A central feature of the project is supply chain localization. Swebal intends to source materials, equipment, and production inputs from suppliers located within roughly 550 kilometers, concentrating its supply chain in the Baltic Sea region. The company says this approach will reduce dependence on distant suppliers while supporting sustained local manufacturing of explosive munitions.
Swebal co-founder and chief executive Joakim Sjöblom described the court’s approval as a strategic turning point rather than a routine permitting milestone. He said the decision represents a fundamental shift in Europe’s ability to secure its own defense supply chain by restoring production of critical inputs within NATO territory. According to Sjöblom, true security of supply requires rebuilding every link of the chain in Europe, not just final assembly.
Sjöblom previously founded Minna Technologies, which was acquired by Mastercard in 2024. His move into defense manufacturing coincided with Sweden’s accession to NATO and was driven by what he identified as a structural weakness in Europe’s defense industrial base, particularly limited access to explosives required for large-caliber ammunition.
Last month, Swebal signed a letter of intent to supply domestically produced TNT to Scandinavian X, a Swedish-Ukrainian joint venture developing drone systems. The agreement signals early downstream demand and directly links upstream explosives production to wartime manufacturing needs tied to Ukraine.
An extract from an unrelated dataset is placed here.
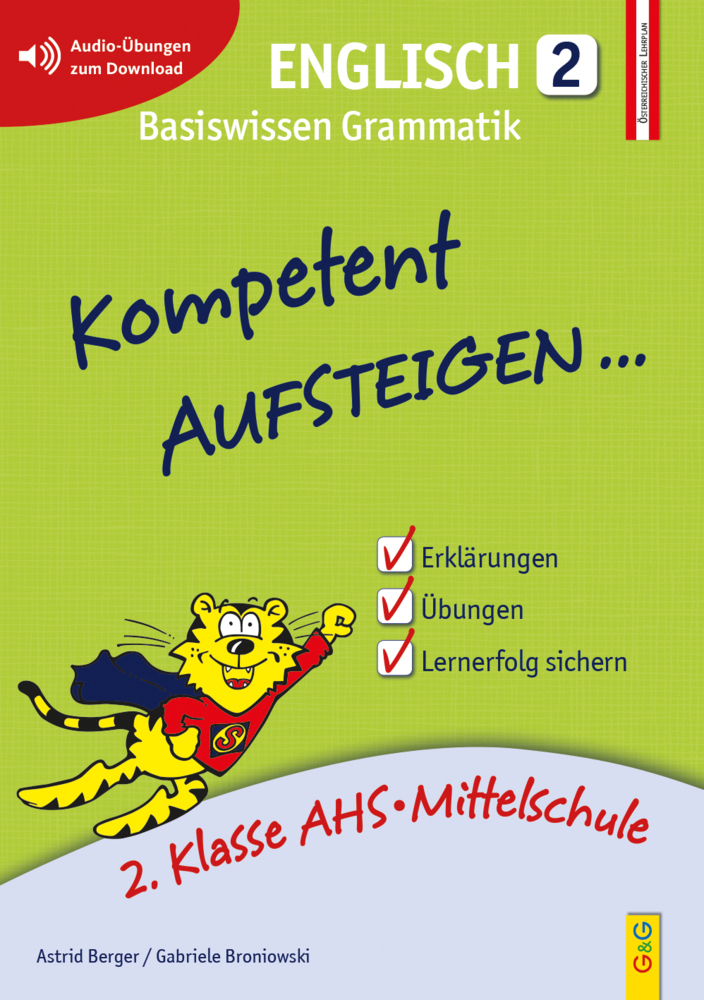 Kompetent Aufsteigen Englisch 2. Tl.2 main product photo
Swebal’s initiative mirrors broader efforts across Europe to rebuild the defense industrial base as the war in Ukraine and rising NATO spending targets expose vulnerabilities in domestic supply chains. In Estonia, the government has selected companies to develop facilities at a new defense industry park in Pärnumaa focused on mines, explosives, and ammunition components, with longer-term ambitions to attract large-caliber munitions manufacturing.
Despite renewed momentum, progress remains uneven. Much recent investment has flowed into defense software and advanced systems rather than the heavy industrial manufacturing required for energetics and ammunition. Sjöblom has argued that this imbalance previously slowed the recovery of Europe’s explosives sector, but that conditions are now changing. NATO members have committed to higher defense spending, with targets at or above 3.5 percent of GDP for core military needs over the next decade, creating stronger demand signals and political backing for capital-intensive projects.
Swebal’s private ownership is another differentiator. Without the short-term pressures faced by publicly listed firms, the company says it can pursue longer-term planning and accept higher upfront risk to build durable production capacity that larger incumbents may be reluctant to undertake.
The Nora project highlights a strategic shift in how Europe approaches defense resilience. By investing in energetics rather than focusing solely on final assembly, Europe begins to address one of the least visible yet most consequential bottlenecks in ammunition production. The facility would reduce reliance on a single European producer and overseas imports, strengthen NATO’s internal supply chains, and link explosives manufacturing directly to emerging systems such as drones. If successful, the project could serve as a template for rebuilding other neglected segments of Europe’s defense industrial base, underscoring that credible rearmament depends as much on chemicals and heavy industry as it does on advanced weapons platforms.